▶ [Task statement]: The full set of entries has to be output exactly.

===== Data provided

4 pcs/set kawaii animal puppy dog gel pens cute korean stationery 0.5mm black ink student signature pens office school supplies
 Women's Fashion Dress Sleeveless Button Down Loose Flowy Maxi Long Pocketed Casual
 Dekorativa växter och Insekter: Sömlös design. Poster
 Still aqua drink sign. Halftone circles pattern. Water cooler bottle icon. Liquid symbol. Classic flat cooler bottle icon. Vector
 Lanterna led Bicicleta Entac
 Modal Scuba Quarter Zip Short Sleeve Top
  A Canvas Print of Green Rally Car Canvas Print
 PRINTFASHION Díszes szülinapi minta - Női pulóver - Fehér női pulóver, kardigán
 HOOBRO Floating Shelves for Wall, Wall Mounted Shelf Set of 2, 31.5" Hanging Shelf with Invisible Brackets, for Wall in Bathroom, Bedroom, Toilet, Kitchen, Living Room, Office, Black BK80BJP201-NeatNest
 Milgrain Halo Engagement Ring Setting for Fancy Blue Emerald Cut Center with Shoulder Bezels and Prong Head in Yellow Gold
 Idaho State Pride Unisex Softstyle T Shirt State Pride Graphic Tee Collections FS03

==========

▶ [Response for this exercise]:
4 pcs/set kawaii animal puppy dog gel pens cute korean stationery 0.5mm black ink student signature pens office school supplies
 Women's Fashion Dress Sleeveless Button Down Loose Flowy Maxi Long Pocketed Casual
 Dekorativa växter och Insekter: Sömlös design. Poster
 Still aqua drink sign. Halftone circles pattern. Water cooler bottle icon. Liquid symbol. Classic flat cooler bottle icon. Vector
 Lanterna led Bicicleta Entac
 Modal Scuba Quarter Zip Short Sleeve Top
  A Canvas Print of Green Rally Car Canvas Print
 PRINTFASHION Díszes szülinapi minta - Női pulóver - Fehér női pulóver, kardigán
 HOOBRO Floating Shelves for Wall, Wall Mounted Shelf Set of 2, 31.5" Hanging Shelf with Invisible Brackets, for Wall in Bathroom, Bedroom, Toilet, Kitchen, Living Room, Office, Black BK80BJP201-NeatNest
 Milgrain Halo Engagement Ring Setting for Fancy Blue Emerald Cut Center with Shoulder Bezels and Prong Head in Yellow Gold
 Idaho State Pride Unisex Softstyle T Shirt State Pride Graphic Tee Collections FS03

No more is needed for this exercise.